__Task instructions__:
Copy exactly, and only, the lines from the line containing "Georgette Handwork Sequience Work Saree" through the last line of the records below, both included, and leave out any pictures.

__Data records__:
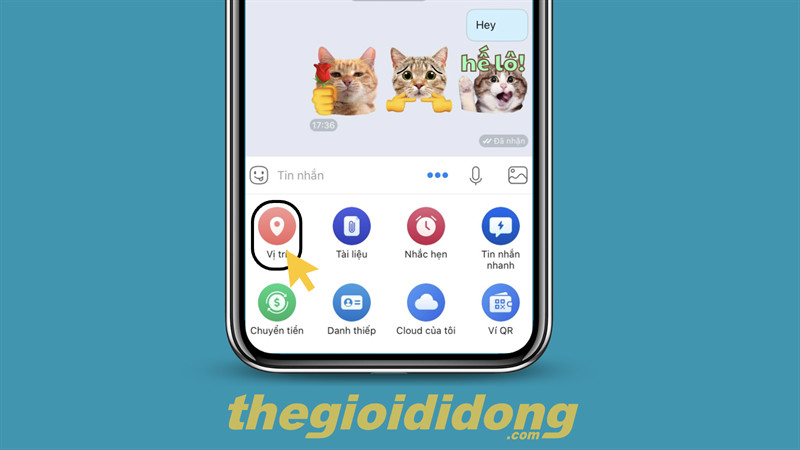 Tùy chọn vị trí trong giao diện chat Zalo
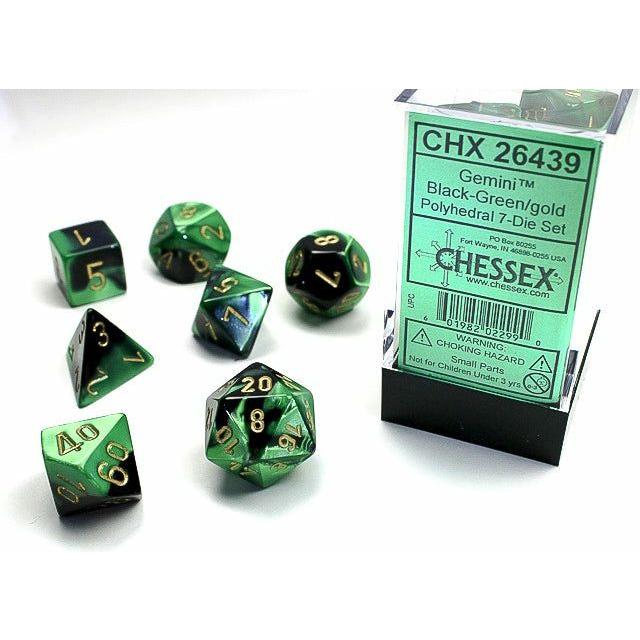 Dice - 7 Piece Gemini Dice Set (Black/Green&Gold)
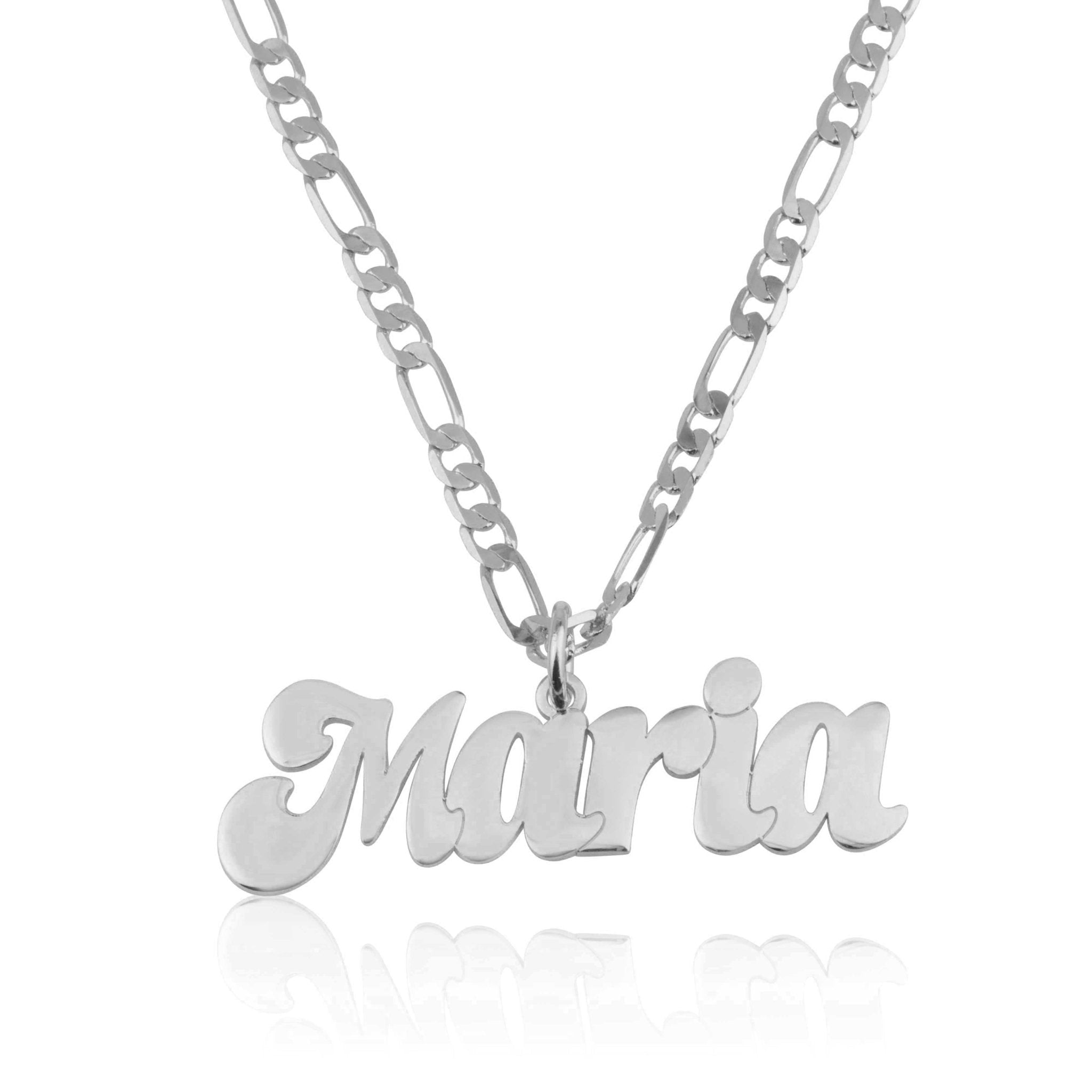 Custom Name Necklace With Figaro Chain La Vie Bien Custom Name Necklace With Figaro Chain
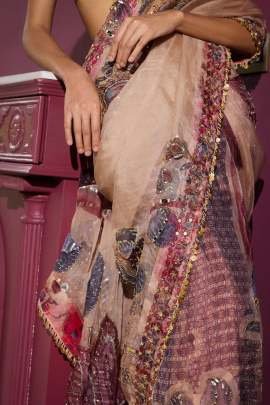 Georgette Handwork Sequience Work Saree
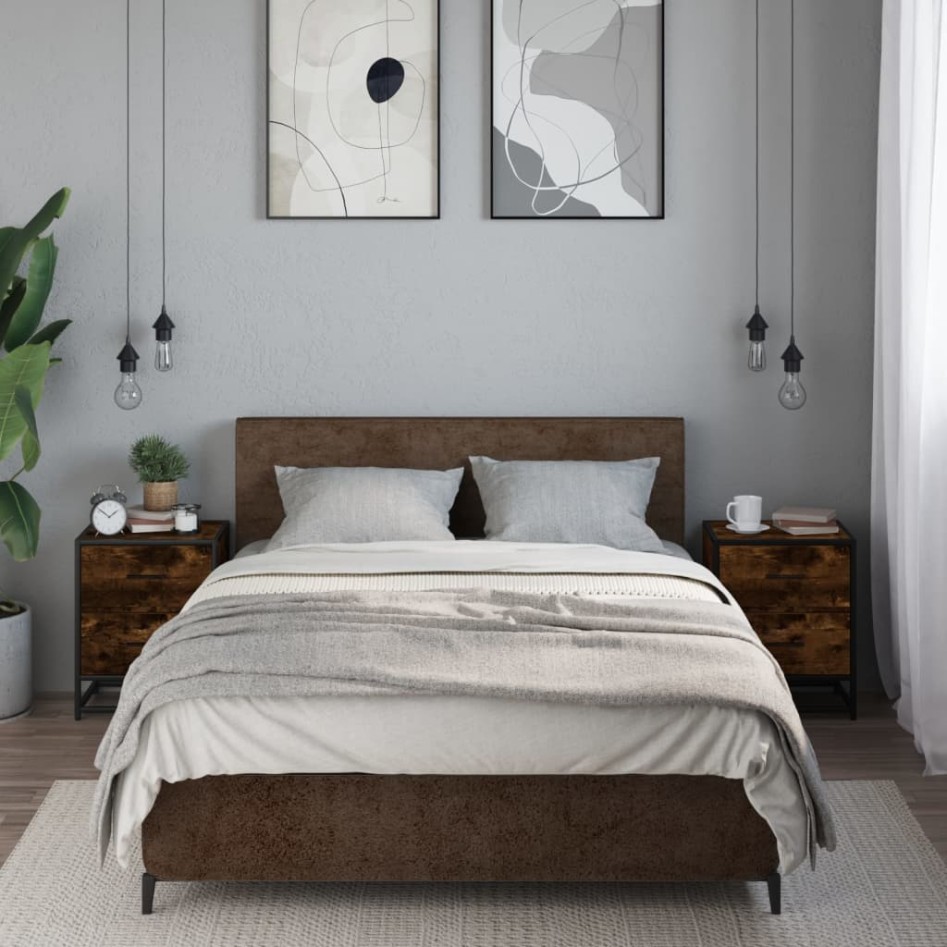 Mesitas noche 2 uds madera ingeniería roble ahumado 40x31x50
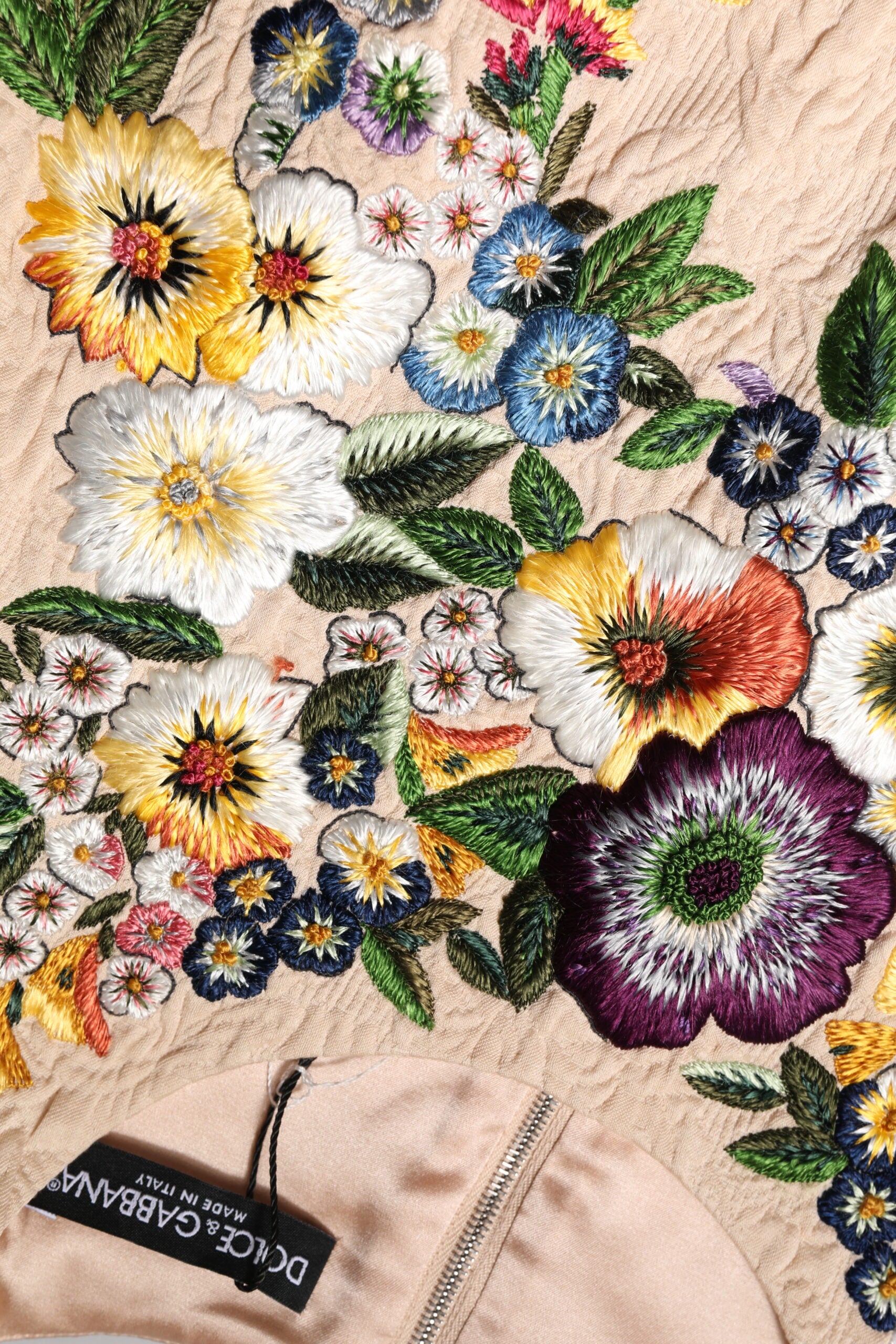 Débardeur sans manches à broderie florale beige Dolce &amp; Gabbana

__Response to this task__:
 Georgette Handwork Sequience Work Saree
 Mesitas noche 2 uds madera ingeniería roble ahumado 40x31x50
 Débardeur sans manches à broderie florale beige Dolce &amp; Gabbana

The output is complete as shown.